Pension plans are doubtful that product innovation will boost returns and want asset managers to improve what they already offer rather than create new products, a survey across 30 countries has found.The Create-Research survey spoke to more than 500 asset managers, pension plans, consultants, administrators and distributers on what innovations had worked and where they expected innovation in the next three years.

When asked if new products could deliver genuine value to end-clients over the next three years, almost two thirds of the 108 pension funds surveyed were either negative or uncertain about whether innovation would boost returns.

Opinion was divided among funds, with 39 per cent expecting innovations in the next three years to boost returns.

However, almost the same proportion of the 396 asset managers surveyed were confident innovation would result in better returns.

Report author Amin Rajan said that those surveyed believed that innovation in existing products would focus on risk return trade-offs and transparency.

More than 60 per cent of funds wanted to see improvements in risk-return trade off and more than 43 per cent of funds wanted products to have greater transparency. More than half of funds also wanted improvements around fees and charges.

Sponsored Content

“The focus will very much be on risk control so that clients are likely to get better returns per unit of risk,” Rajan said.

“A lot of improvement will come because these guys will learn to manage risk a lot better than they have done in the past.”

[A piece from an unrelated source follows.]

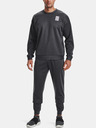 Under Armour Moška jopica Under Armour RECOVER LS CREW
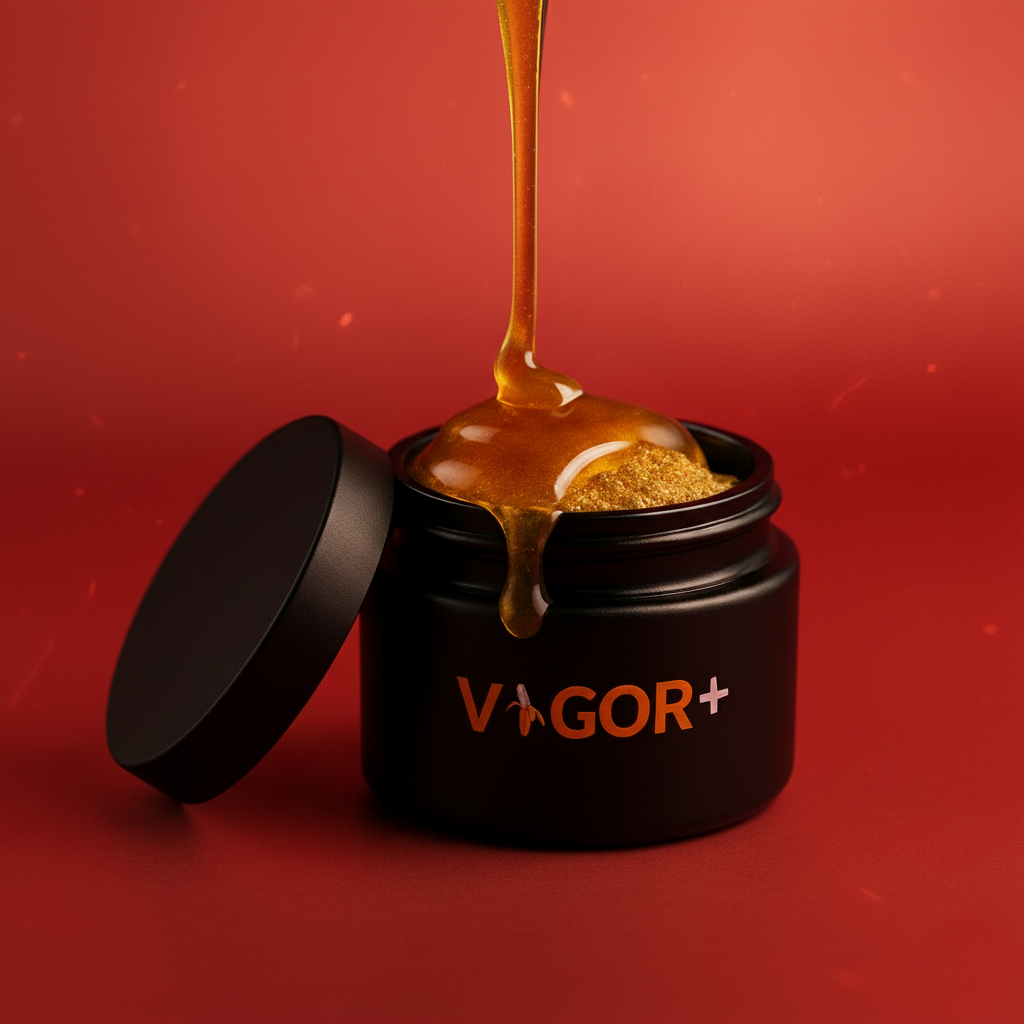 Vigor+ Endurance Cream: Last 4x longer Official ✅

More than 40 per cent of both pension plans and asset managers thought the two main drivers for innovation in the next three years would be a switch from “products” to “solutions” and regulatory changes.

Rajan said that the 2008 financial crisis had overwhelmed most innovations, with promises of uncorrelated returns and volatility protection proving illusory in the face of a severe bear market.

The fall-out from the crisis has resulted in funds wanting greater transparency and simplification of products that did not conceal the underlying value of assets with devices such as derivatives, leverage and shorting, Rajan said.

Funds also wanted a stronger overlay of human judgement in risk models and the investment process and better communication to minimise so-called “wrong time risks”.

“Over this decade the investment value chain will be distinguished as much by introspection as innovation,” Rajan said.

Almost 90 per cent of asset managers said they could foresee further product innovation over the next three years. But more than half thought this would be incremental improvements in existing products rather creating new ones.

While uncertain about the capacity for innovation to produce better returns, pension plans also said some changes would likely to prove disruptive to the existing business models.

Potentially disruptive innovations included: the likely abolition of commissions in the retail space; the adoption of high watermark fees in the absolute return space; changes in defined contribution products for those in retirement and improved data gathering technology for administrators.

Rajan said that fund managers would have to increasingly ensure that their absolute return products delivered what they promised, with high watermark fees ensuring many fund managers took a hit if their funds underperformed.

“If fund managers don’t deliver accordingly many will experience a great deal of difficulty and have to close funds so these fees (high watermark) could be very disruptive indeed,” he said.

Rajan flagged three innovations that would transform defined contribution offerings in the coming years, with dynamic rather than static glide paths being more widely adopted.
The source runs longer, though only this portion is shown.